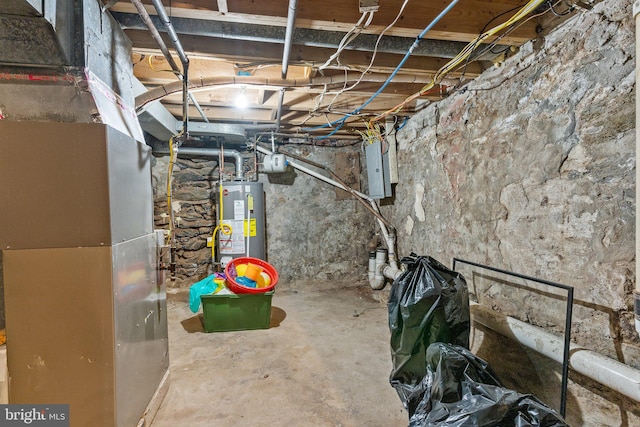 basement featuring gas water heater, electric panel, and heating unit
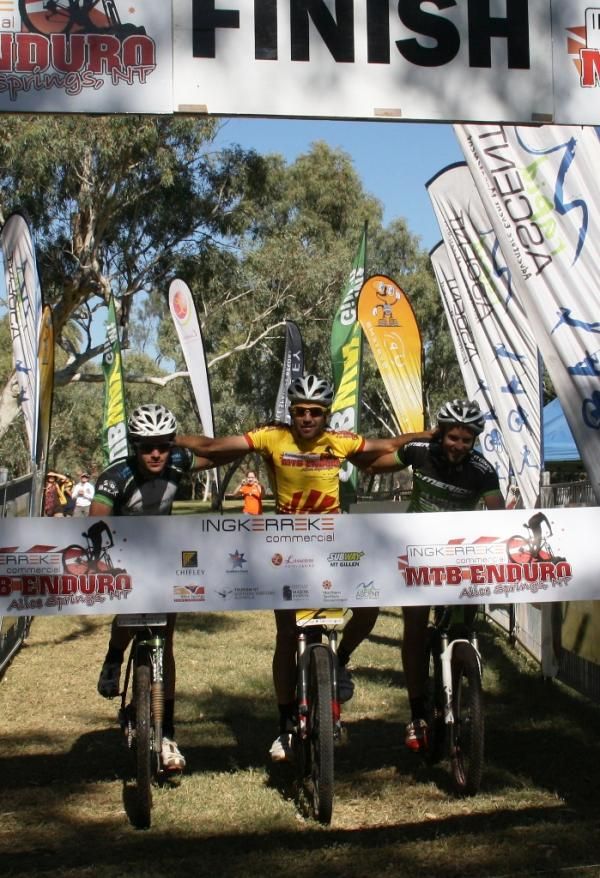 The top three men wrap up the race together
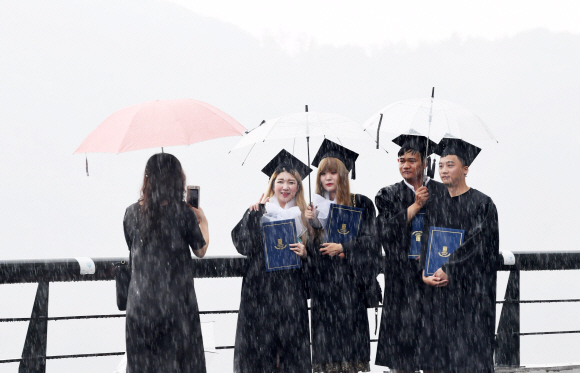 최근 대학가 졸업식이 한창인 가운데 졸업식이 과거에 비해 크게 간소화되고 있다. 사진은 지난 23일 서울 종로구 상명대에서 열린 후기 졸업식에서 졸업생들이 우산을 쓴 채 기념촬영을 하고 있는 모습. 도준석 기자 pado@seoul.co.kr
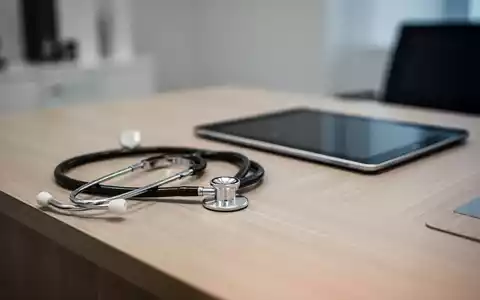 Stethoskop und digitales Tablet auf einem Schreibtisch in einer modernen Arztpraxis als Symbol für die Krankschreibung. - Foto: über boerse-global.de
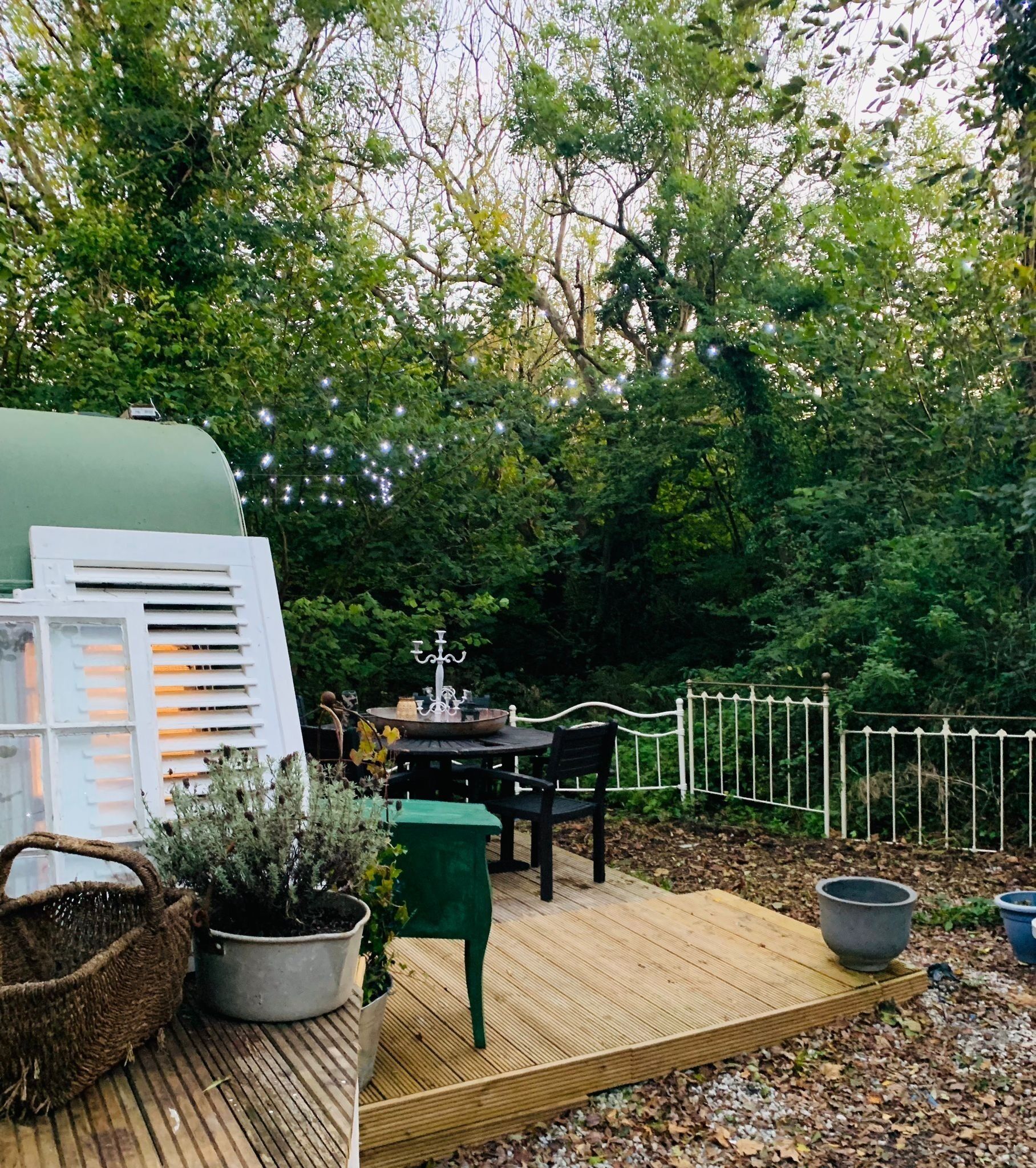 A wooden deck with a table and chairs, surrounded by greenery and a white fence.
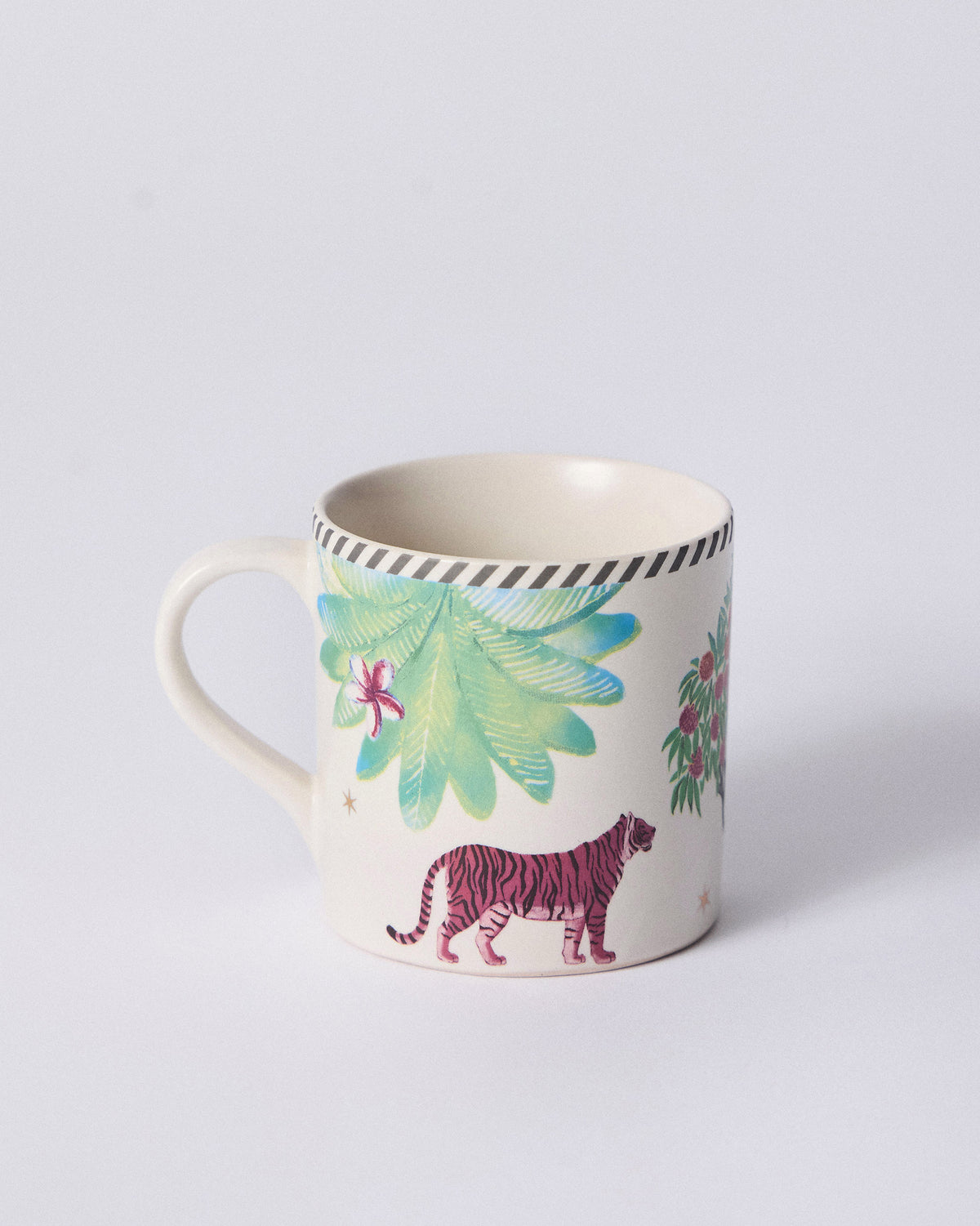 Side view of Ceylon Lush Straight Mug with a pink tiger walking past palm leaves.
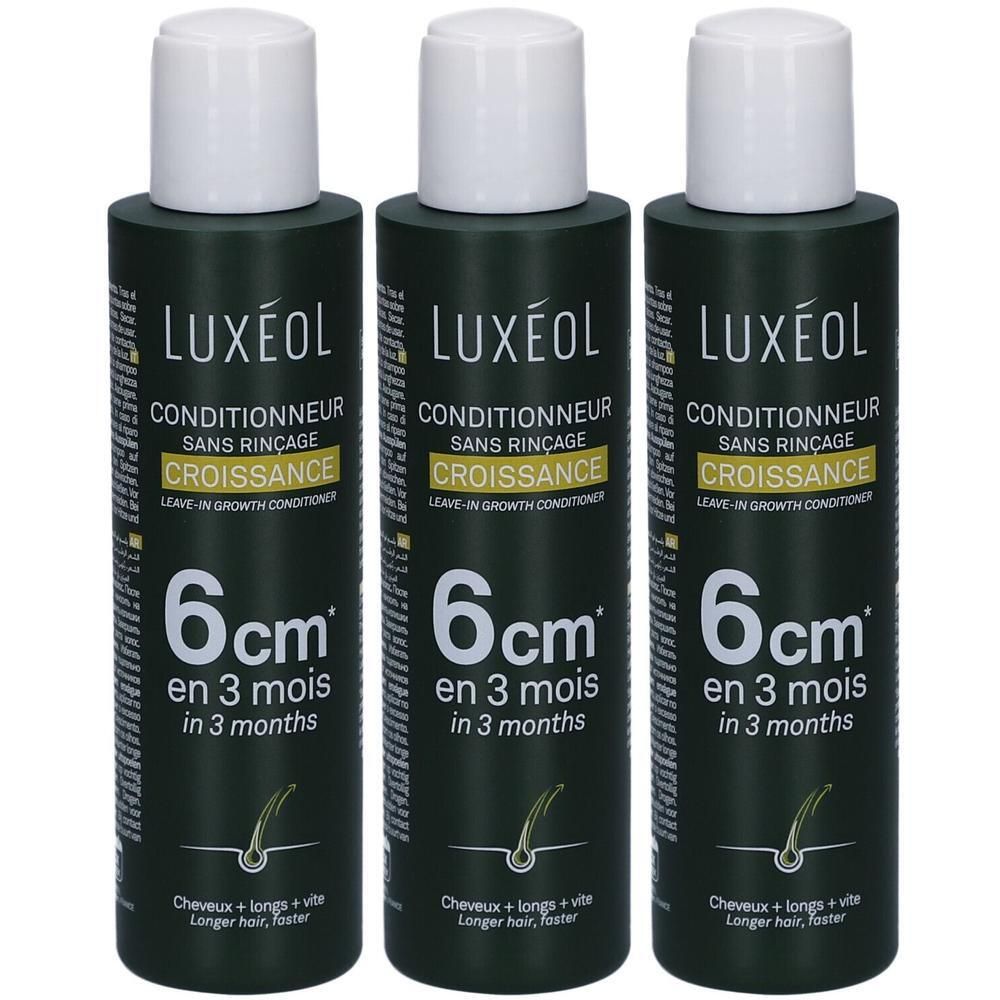 Drie flessen conditioner met witte dop. Opschrift: LUXÉOL, Conditioner zonder uitspoelen, Groei, 6 cm in 3 maanden.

= = = = =

Lines before the one containing "Side view of" are not wanted; repeat that line and the rest of the listing exactly, leaving out pictures.

Answer to the exercise ::
 Side view of Ceylon Lush Straight Mug with a pink tiger walking past palm leaves.
 Drie flessen conditioner met witte dop. Opschrift: LUXÉOL, Conditioner zonder uitspoelen, Groei, 6 cm in 3 maanden.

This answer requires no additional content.